### Input data
>>

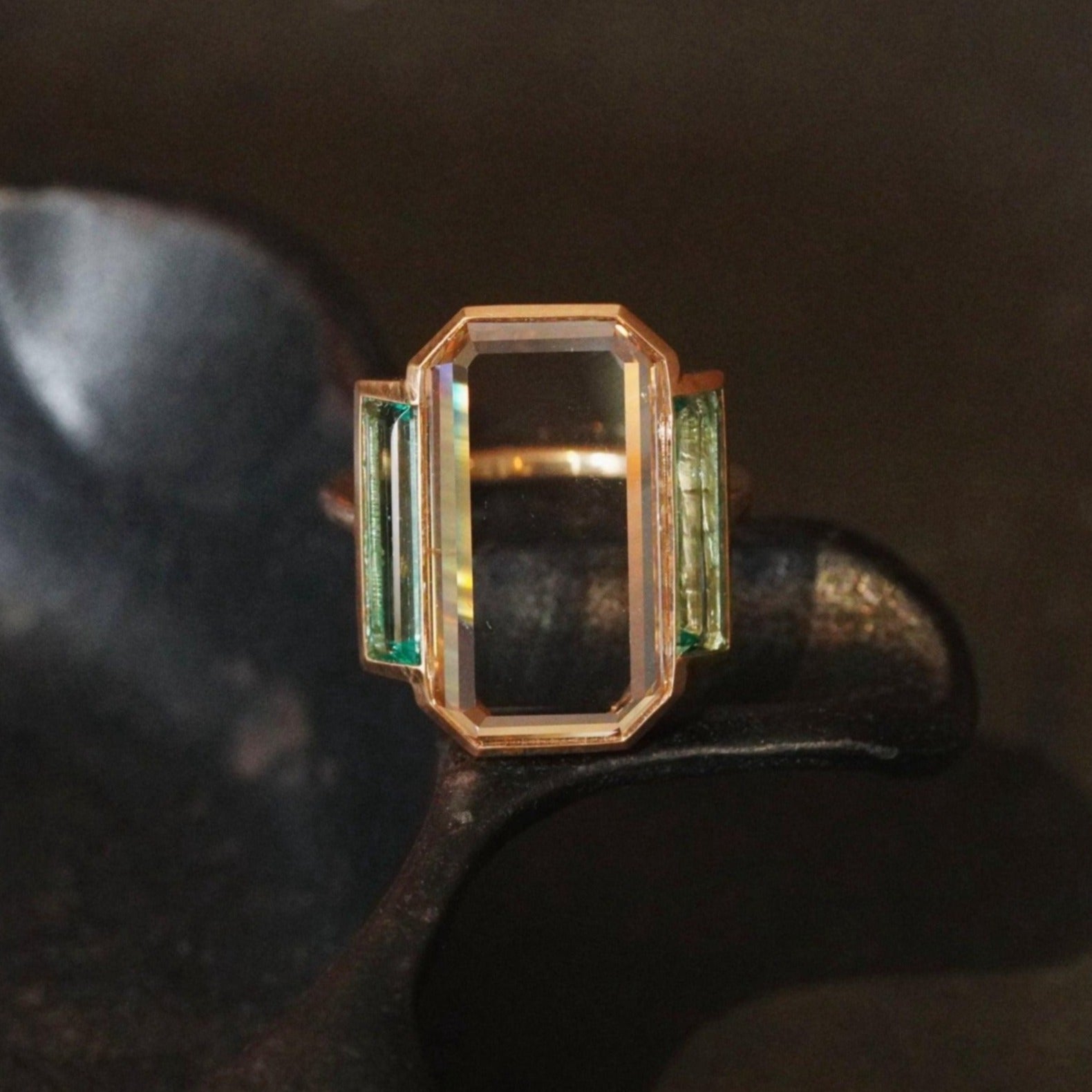 Deco-inspired portrait diamond ring with step cut emeralds in 20k rose gold
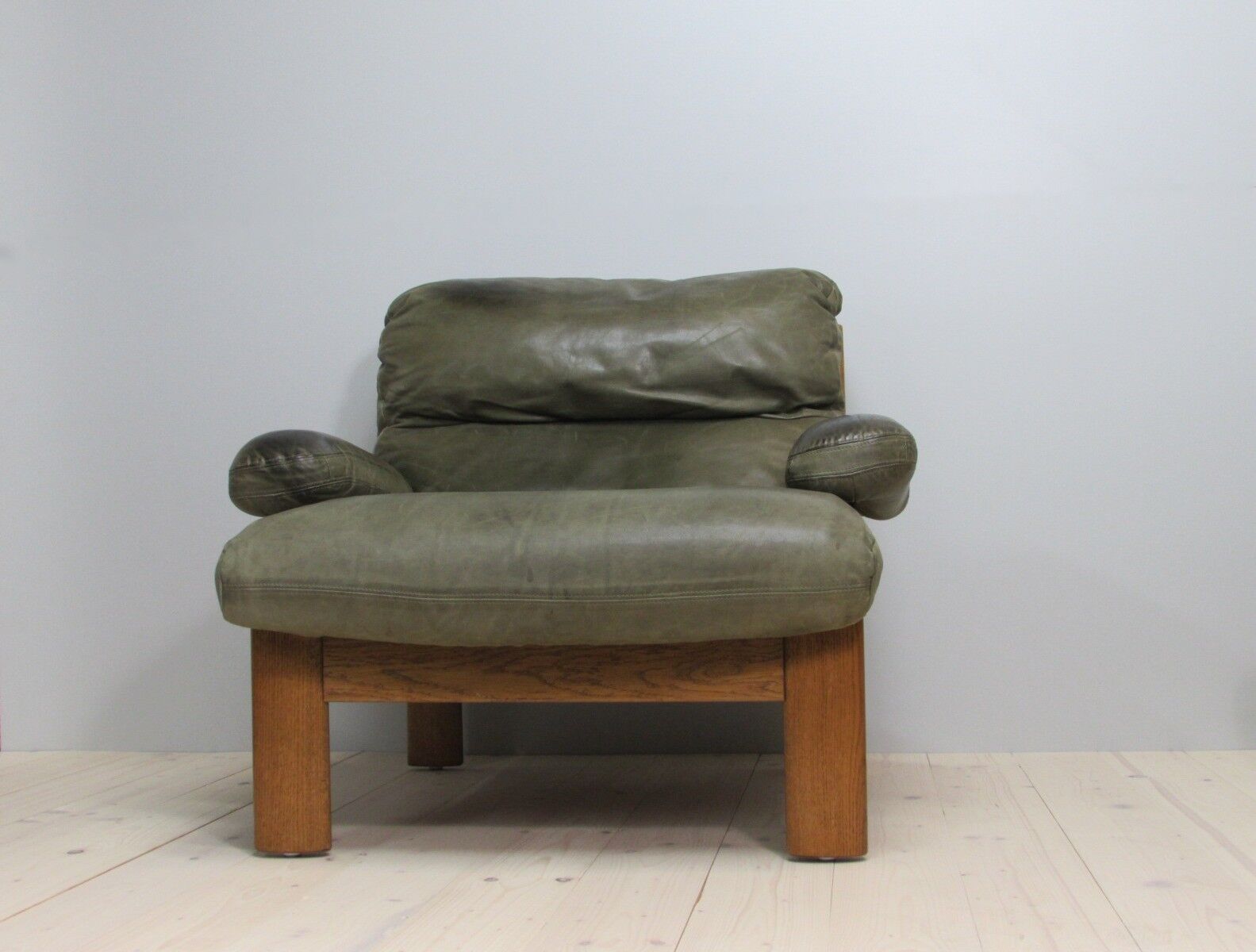 Armchair and footstool - green leather - 1960s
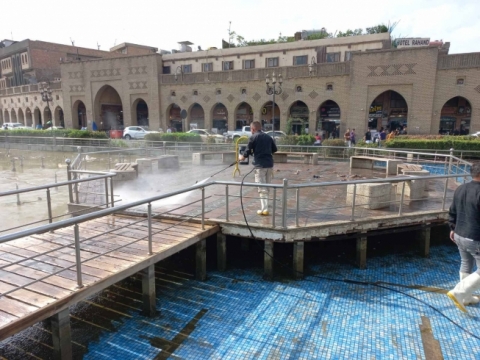 Washing and cleaning the streets and fountains of the city park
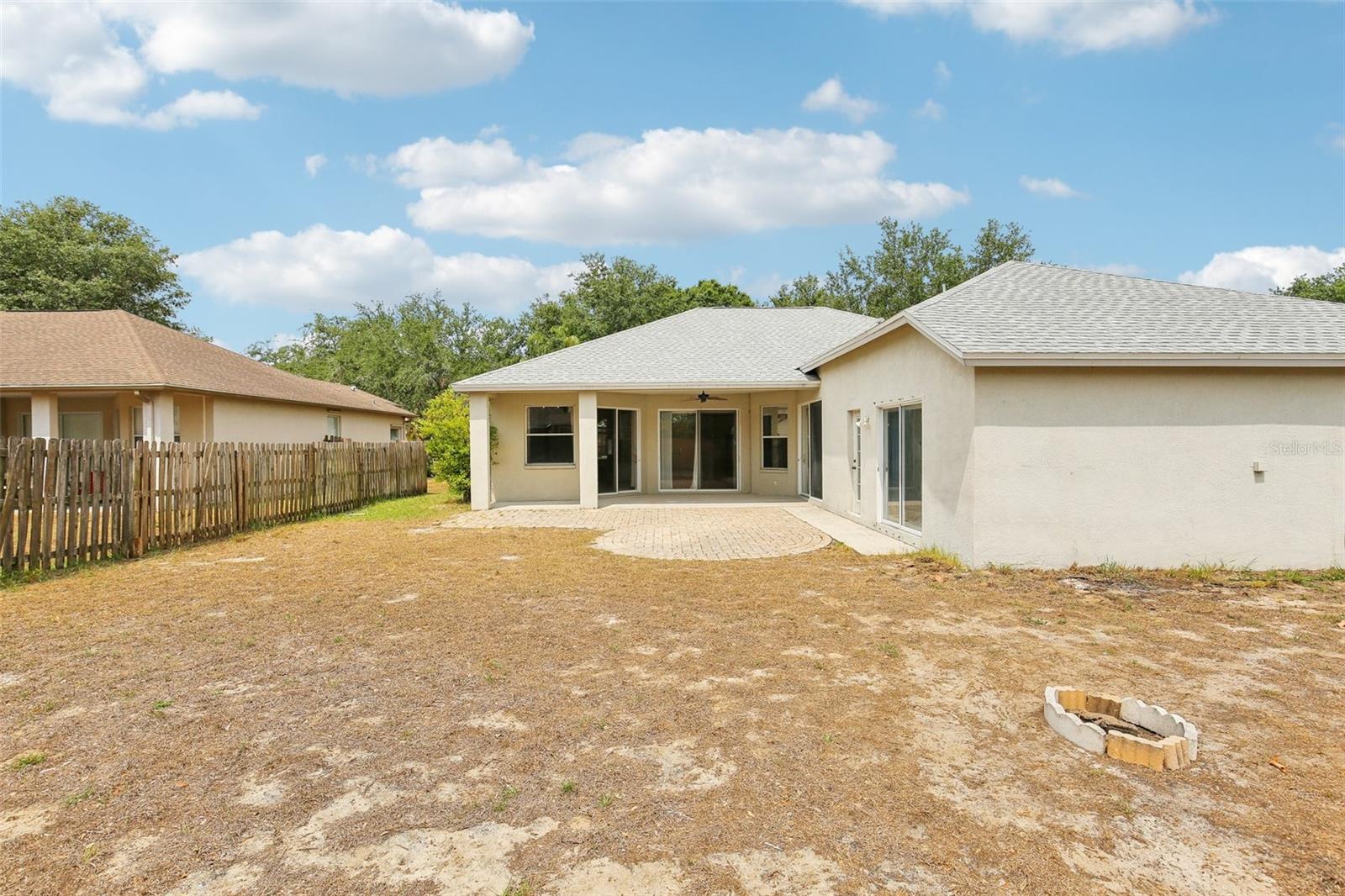 BACK YARD IS SPACIOUS ALLOWING ROOM TO ADD A POOL!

<<

### Task requirements
From the data above, write out everything exactly except the pictures.

### Answer to this task
 Deco-inspired portrait diamond ring with step cut emeralds in 20k rose gold
 Armchair and footstool - green leather - 1960s
 Washing and cleaning the streets and fountains of the city park
 BACK YARD IS SPACIOUS ALLOWING ROOM TO ADD A POOL!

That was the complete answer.